TASK>
Look below for the line with "(聚焦疫情防控·圖文互動)(6)軍隊新近", then repeat it and all lines after it, exactly, minus any pictures.

=== DATA BELOW ===

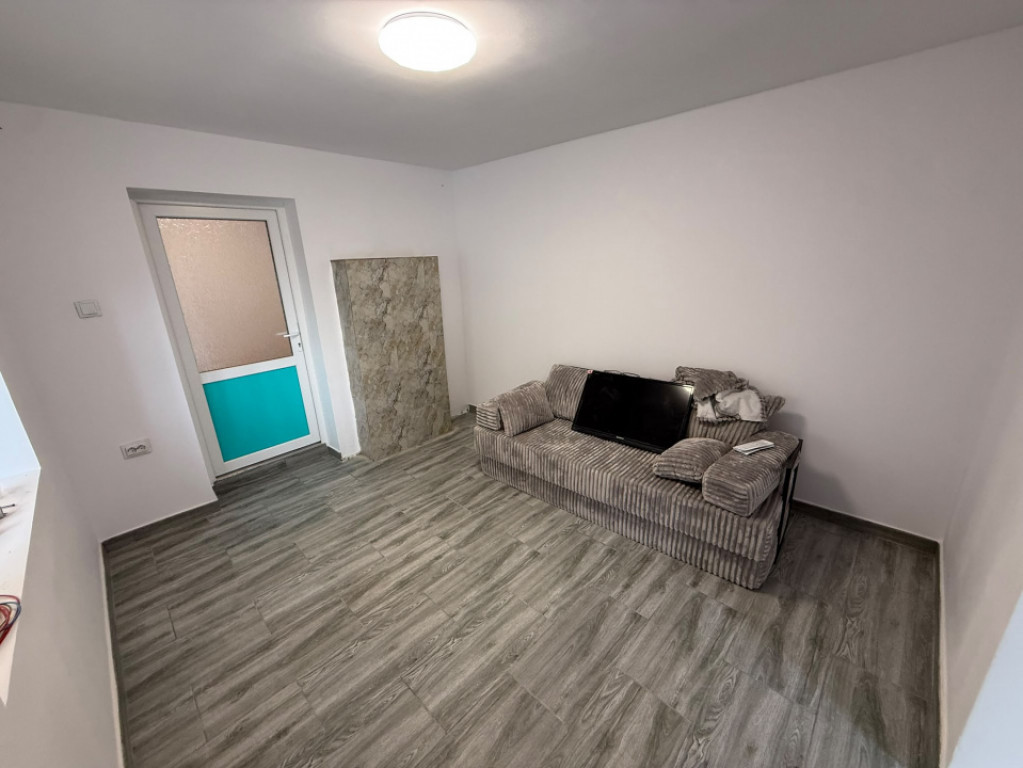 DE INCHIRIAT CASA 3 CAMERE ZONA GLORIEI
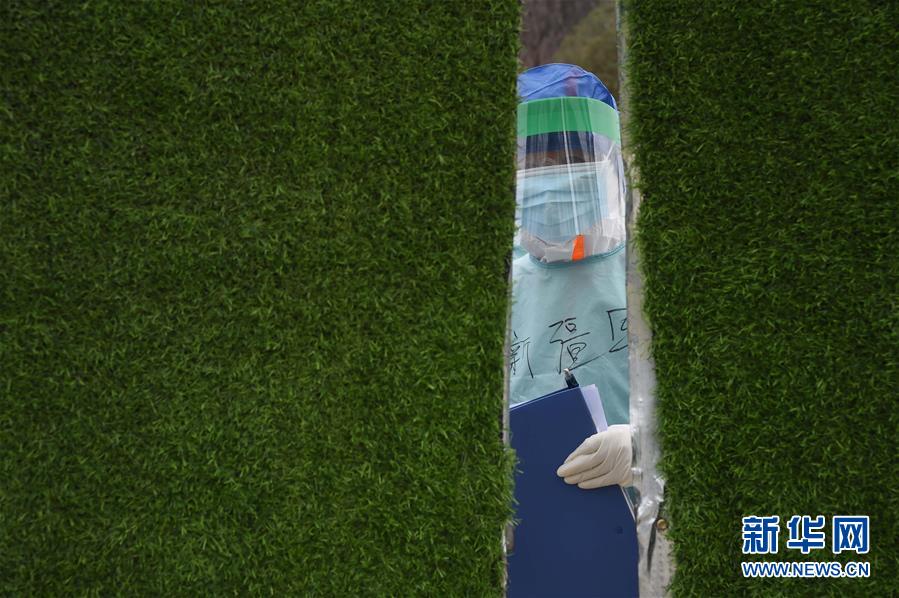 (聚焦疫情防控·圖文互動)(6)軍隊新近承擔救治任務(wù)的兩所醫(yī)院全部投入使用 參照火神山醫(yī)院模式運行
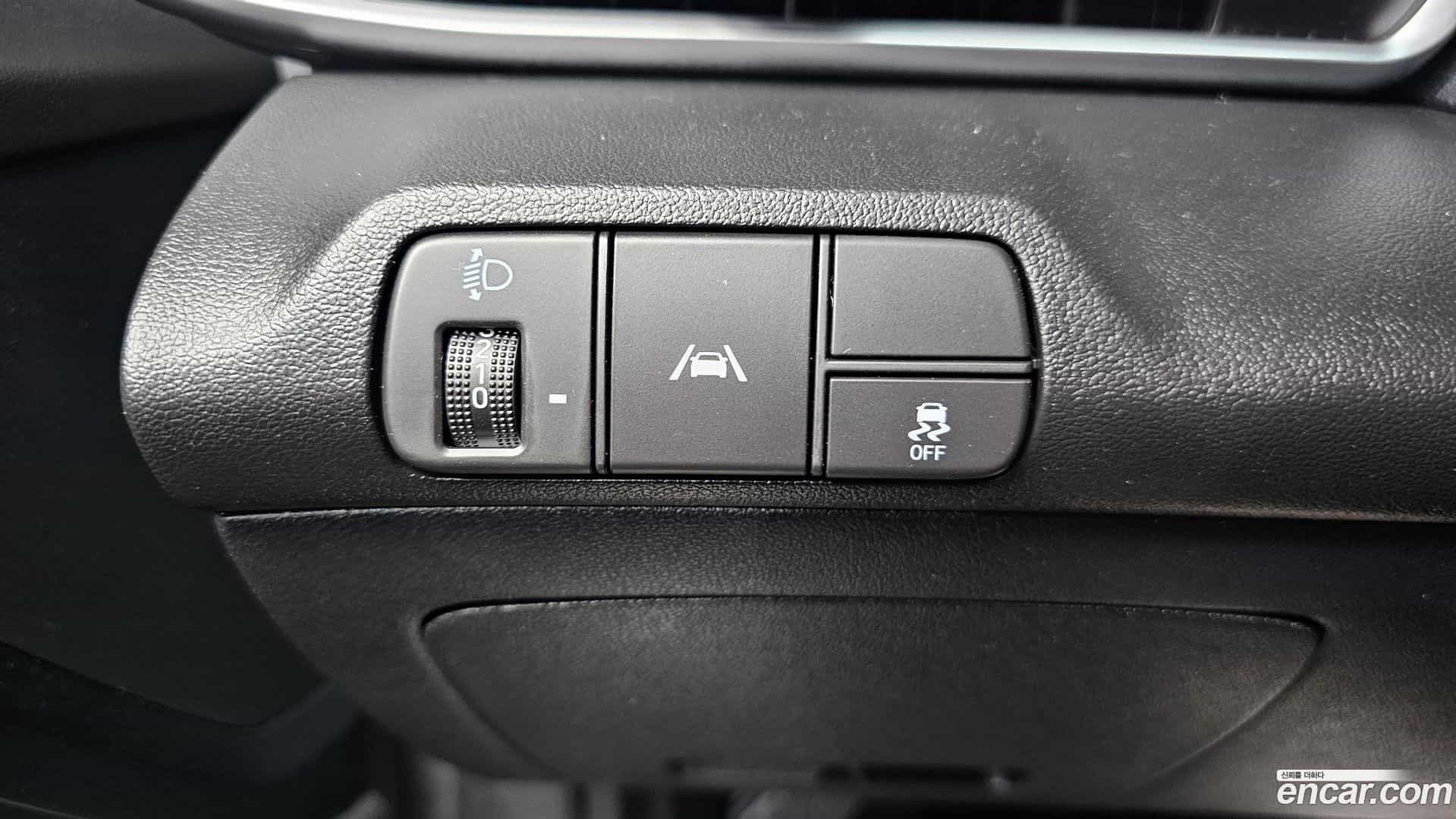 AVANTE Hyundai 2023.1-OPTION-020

===

SOLUTION TO THIS EXERCISE>
 (聚焦疫情防控·圖文互動)(6)軍隊新近承擔救治任務(wù)的兩所醫(yī)院全部投入使用 參照火神山醫(yī)院模式運行
 AVANTE Hyundai 2023.1-OPTION-020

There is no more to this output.